RSS
 
 

Archive for the ‘Email’ Category

Email Scraping the Insane way

29 Jun

Well,
Insane as far as an individual goes:
I have had to shut it down because it was a bit too scaleable.
Any computer it was loaded on, contacted the distributed data-storage mechanism and off it went…..
(Over 20 million HTTP addresses in less than 24 hours) with each and every HTTP address recorded.

Caviets
There is still an issue related to the HTTP storage mechanism, in that if they get corrupted they cannot be recovered and have to be started from scratch, possibly something related to partitioning would be good to solve this problem.

The Story
After looking around at various “email scraping” programs and having a bit of spare time on my hands, I decided to build an email web scraper out of Java.

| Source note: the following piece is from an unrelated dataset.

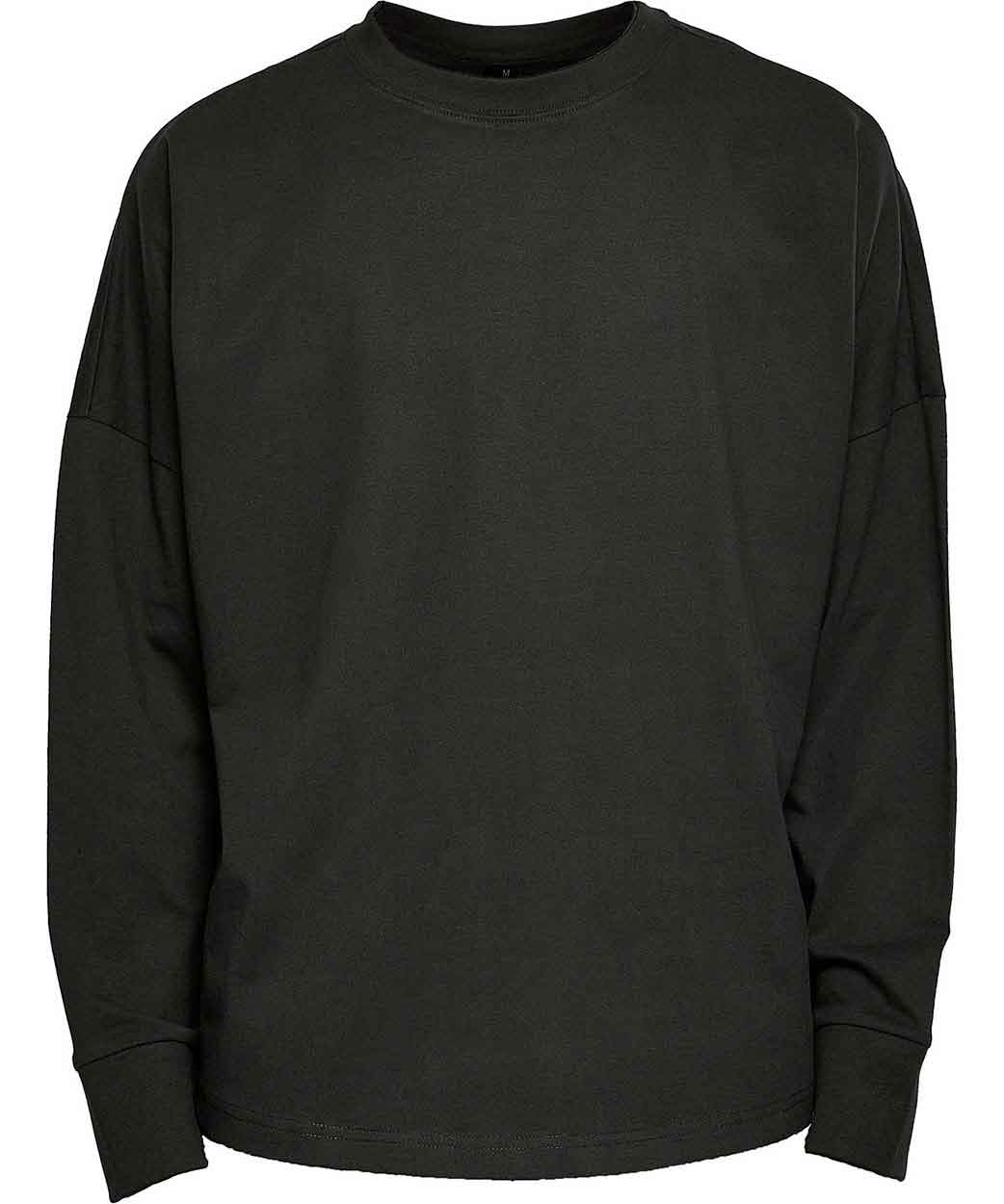 Build Your Brand BY198 Oversize cut on sleeve long sleeve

Yep…. I know Java is supposed to be slow and not as fast as “insert current lame language here
But the crawler is cross platform and that is enough for now.

Key requirements:
1. Don’t duplicate email addresses (actually checking for this is a waste of processing power, since a simple sort and merge will remove duplicates)
2. Don’t crawl the same web addresses unless specifically required to.
(Experienced programmers will already see a problem with #1 & #2, even with 16GB of real ram)
3. Make it fast.
4. Make the physical HTML parser a plugin.
5. Make it ‘seriously’ scaleable.
6. Completely restartable after a crash/shutdown of the Control server.
7. Fluid enough to deal with crawling nodes popping up/shutting down randomly
8. Crawls in the direction of most profitable harvesting.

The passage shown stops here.